Title: Tangier Garrison fortifications - Maritime Regimental Flags posted
Post by: Mpanko on July 18, 2023, 05:03:52 AM
Does anyone have insight as to the construction or relative locations of the various fortifications outside the Tangier city walls?  I know there was a series of forts and redoubts that were used to provide early warning and to slow Siege efforts by the Moors.  I cannot find any real information as to their construction and how many guns or men manned them. 

Based on what I have seen on the net I assume these forts were earthworks and nothing substantial using stone construction.

Any thoughts or sources?
Title: Re: Tangier Garrison fortifications
Post by: carlos marighela on July 18, 2023, 07:38:16 AM
Bit of a mixed bag really. Most of the outworks like Charles Fort, Anne Fort, Pole fort etc were earthworks. Those two are depicted as star forts of the type you would encounter in the ECW, The Queen's Sconce for example. Fort Charles was the largest of the outlying fortifications and could hold a garrison of 300. Others were fairly small and crude affairs, square, diamond shaped or triagular, often little more than a breastwork with a timber pallisade and some were tiny. Fort Giles AKA the Devil's Drop had a garrison of only 12 men.
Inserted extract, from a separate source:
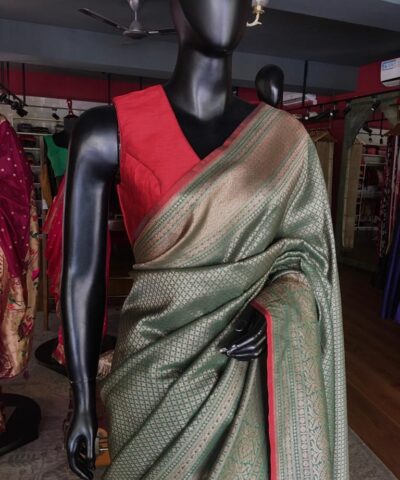 Green Banarasi Silk Saree highlighted with contrast piping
At the other end of the scale, the outpost of Whitby appears as a much more substantial affair, stone built walls and buildings. Somewhere in between you have Whitehall which was a multi-storey stone built building.

There is mention of caltrops being sprinkled around some of the forts to impede Moorish cavalry and 'fireworks' being placed upon pallisades to illuminate any Moorish night attack.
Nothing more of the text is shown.